That's so funny. In the UK sprouts as they refer to them are traditional as part of the Christmas dinner and endless jokes are made about them.
I always liked brussel sprouts as they call them in the US. Baby head cabbages!
And how you cook them does add or detract from their taste.


----------



## Mrs. Robinson (Mar 2, 2014)

Gael said:


> That's so funny. In the UK sprouts as they refer to them are traditional as part of the Christmas dinner and endless jokes are made about them.
> I always liked brussel sprouts as they call them in the US. Baby head cabbages!
> And how you cook them does add or detract from their taste.



That`s very true! Overcooked,brussel sprouts become very bitter. I should really say overboiled they become bitter-when you roast them in a cast iron skillet,you can let them go a little black and crunchy and Yummmm,they are awesome!


----------



## Gael (Mar 2, 2014)

Mrs. Robinson said:


> I think I have a very addictive personality.
> 
> Computer
> Red wine
> ...


If you could quit nicotine cold then you may have an addicitive personality but you also have some great will power as well.


----------



## rkunsaw (Mar 2, 2014)

I like Brussels sprouts too but have never had much luck growing them. I think I might try them this year as a fall crop.

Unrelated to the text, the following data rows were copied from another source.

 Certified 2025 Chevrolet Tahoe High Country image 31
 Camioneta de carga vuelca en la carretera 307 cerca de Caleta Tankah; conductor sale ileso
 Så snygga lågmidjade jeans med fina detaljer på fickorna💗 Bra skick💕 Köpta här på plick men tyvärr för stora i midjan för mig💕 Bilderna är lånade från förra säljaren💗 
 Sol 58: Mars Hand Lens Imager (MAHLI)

I also smoked cigarettes. Started as a teenager and quit cold turkey 18 years ago.


----------



## Gael (Mar 2, 2014)

rkunsaw said:


> I like Brussels sprouts too but have never had much luck growing them. I think I might try them this year as a fall crop.
> 
> I also smoked cigarettes. Started as a teenager and quit cold turkey 18 years ago.



Good on you! These cold turkey stoppers impress me. Nicotine is so terribly addictive.


----------



## SeaBreeze (Mar 2, 2014)

I don't have any read addictions now, except to good food and rich desserts.  Not truly an addiction in the sense, because I've been able to control my portions much better than when I was younger...only way I avoid the dreaded diabetes...don't wanna go there.

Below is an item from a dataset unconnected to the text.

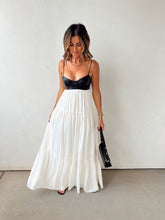 Load image into Gallery viewer, Onyx Queen Dress
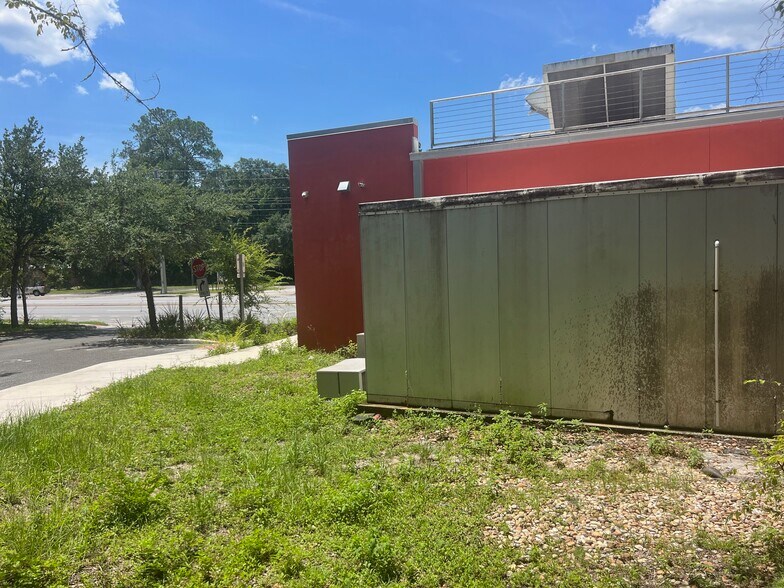 More Photos Of 1714 SE Hawthorne Rd, Gainesville Restaurant For Sale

 I smoked over a pack a day of Marlboros for around 15 years back in the day, but quit (cold turkey too) over 30 years ago.  Still liked smoking when I quit, but I did it to avoid health problems in my old age...don't want to tempt the hand of fate.


----------



## SeaBreeze (Mar 2, 2014)

Mrs. Robinson said:


> I think I have a very addictive personality.
> It used to be cigarettes-5 packs a day (ugh). Quit cold turkey 25 years ago.

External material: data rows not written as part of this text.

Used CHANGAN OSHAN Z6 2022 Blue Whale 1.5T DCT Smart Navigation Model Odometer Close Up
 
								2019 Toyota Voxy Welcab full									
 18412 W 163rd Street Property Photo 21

WOW Mrs. Robinson, now THAT's some heavy smoking...kudos for dropping that habit before it dropped you! :cheers:  There was a short period of time when I was working a night shift, and back then we were able to smoke in the building, while we worked.  I was creeping up toward 2 packs in that time period, and I thought that was bad.  I bet you felt soooo much better when you left them behind. :love_heart:


----------



## Gael (Mar 2, 2014)

SeaBreeze said:


> I don't have any read addictions now, except to good food and rich desserts.  Not truly an addiction in the sense, because I've been able to control my portions much better than when I was younger...only way I avoid the dreaded diabetes...don't wanna go there.
> 
> I smoked over a pack a day of Marlboros for around 15 years back in the day, but quit (cold turkey too) over 30 years ago.  Still liked smoking when I quit, but I did it to avoid health problems in my old age...don't want to tempt the hand of fate.



Another cold turkey person!! This site has some strong individuals!


----------



## SeaBreeze (Mar 2, 2014)

Gael said:


> Another cold turkey person!! This site has some strong individuals!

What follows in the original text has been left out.